At times don’t you think that having a single currency would be better than the numerous ones? This might be possible soon in UAE and Saudi Arabia.
The UAE is working with Saudi Arabia’s central bank to issue a digital currency that would be accepted in cross-border transactions between the two countries, UAE Central Bank Governor Mubarak Rashed Al Mansouri said on Wednesday.
The digital currency would be based on the blockchain, the shared ledger of transactions that is maintained by a network of computers on the Internet rather than a central authority, he said in a speech to a regional financial conference.
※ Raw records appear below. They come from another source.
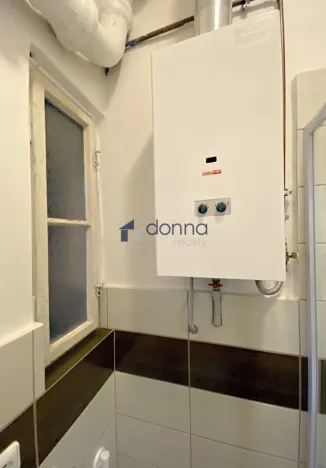 Prodej bytu 1+kk, Praha, Za poštou, 30 m2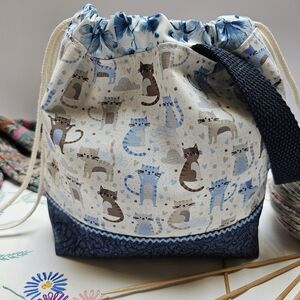 Cat Print Drawstring Bag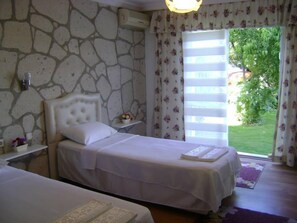 Standard-Zweibettzimmer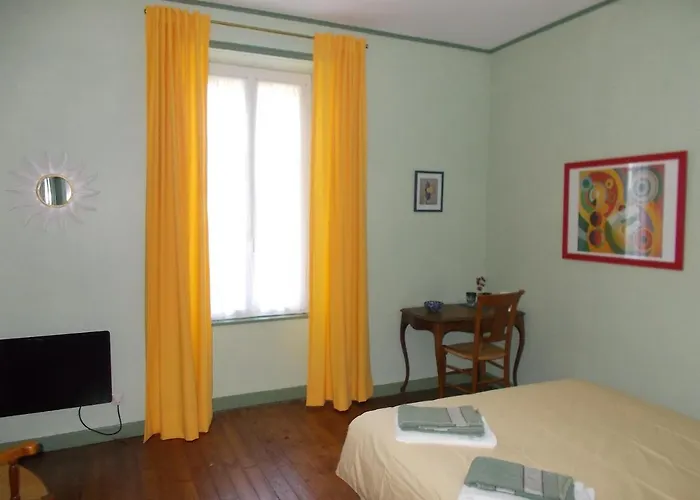 Villanelle L'Ile-d'Elle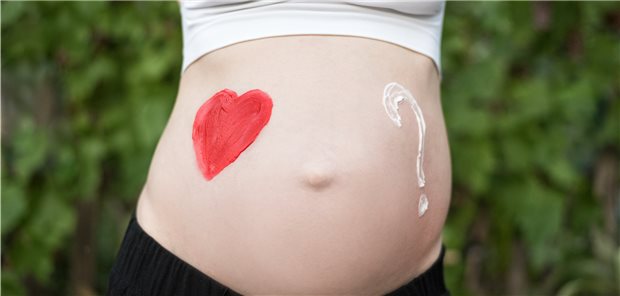 Schwanger: Die Freude ist groß, aber wie geht es weiter im Beruf? Diese Frage stellen sich viele schwangere Ärztinnen.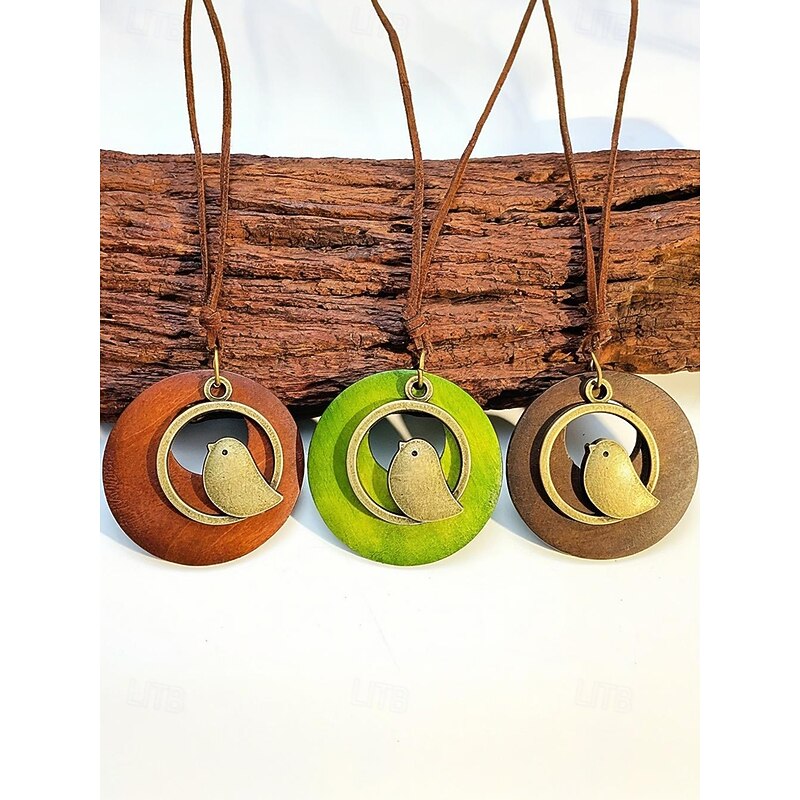 Women's Bohemian Bird Pendant Necklace – Handmade Long Wooden Circle Necklace with Alloy Charm for Nature Lovers, Casual Outfits or Gifts4
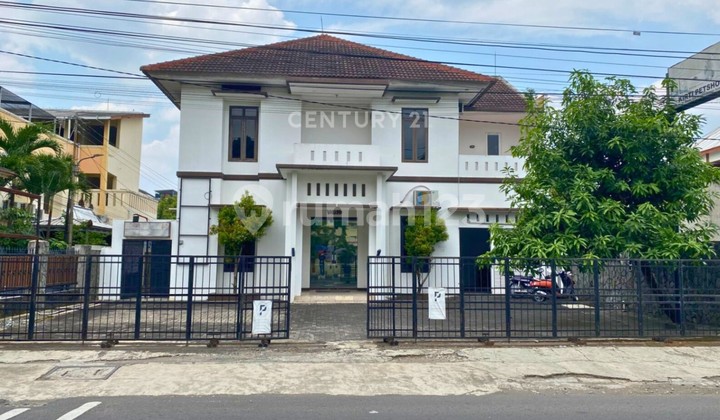 Rumah Strategis Di Baciro Dgn Lokasi Ideal Utk Hunian Dan Bisnis 1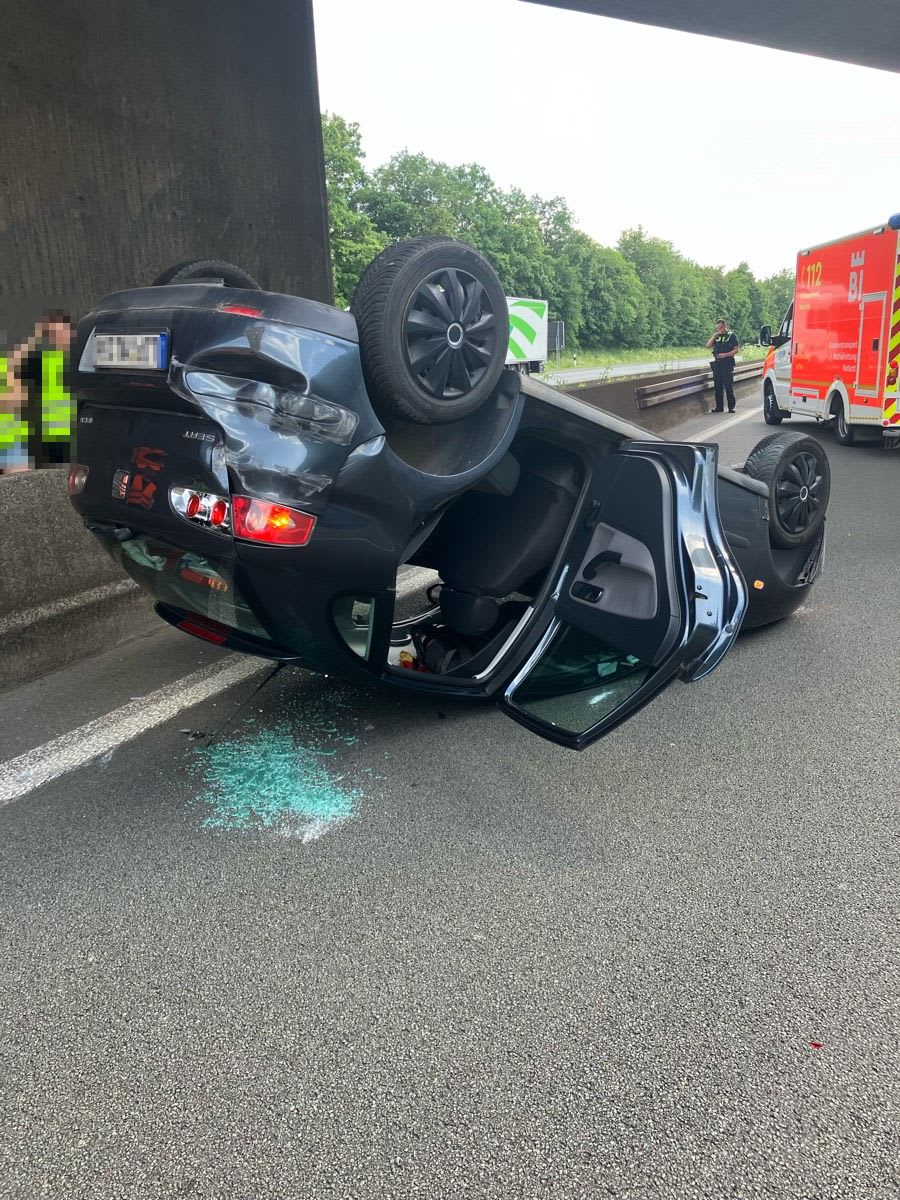 Bielefeld – Unfall nach Sekundenschlaf auf der A2
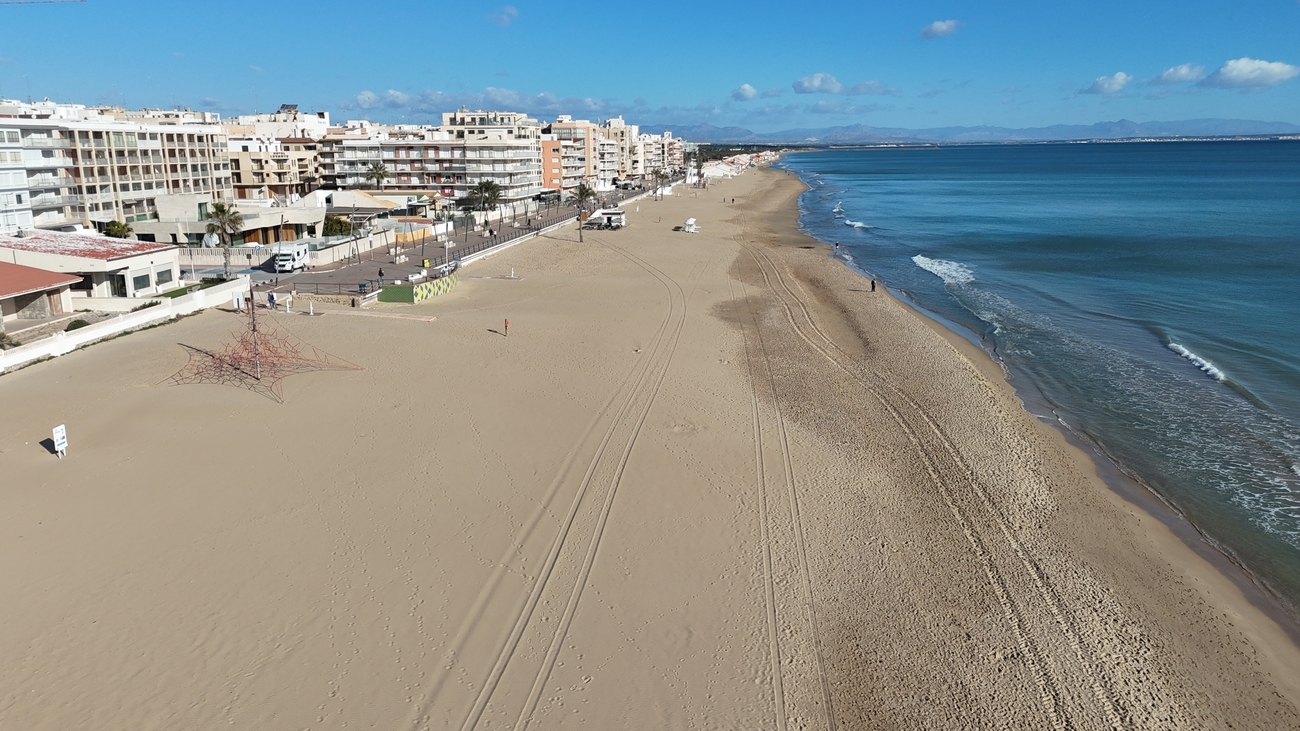 Kitchen in apartment for sale in Guardamar del Segura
The two central banks have in the past expressed skepticism about digital currencies such as bitcoin, with the UAE Central Bank saying it did not recognize bitcoin as an official currency. In July, the Saudi Central Bank warned against trading bitcoin because it was outside the bank’s regulatory reach.
On Wednesday, however, Al Mansouri said the central banks wanted to understand blockchain technology better. He told reporters that the UAE-Saudi digital currency would be used among banks, not by individual consumers, and would make transactions more efficient.
“It is the digitization of what we do already between central banks and banks,” he said.
A decade ago, the UAE and Saudi Arabia discussed the possibility of creating a single currency among members of the six-nation Gulf Cooperation Council but the UAE pulled out of the project in 2009.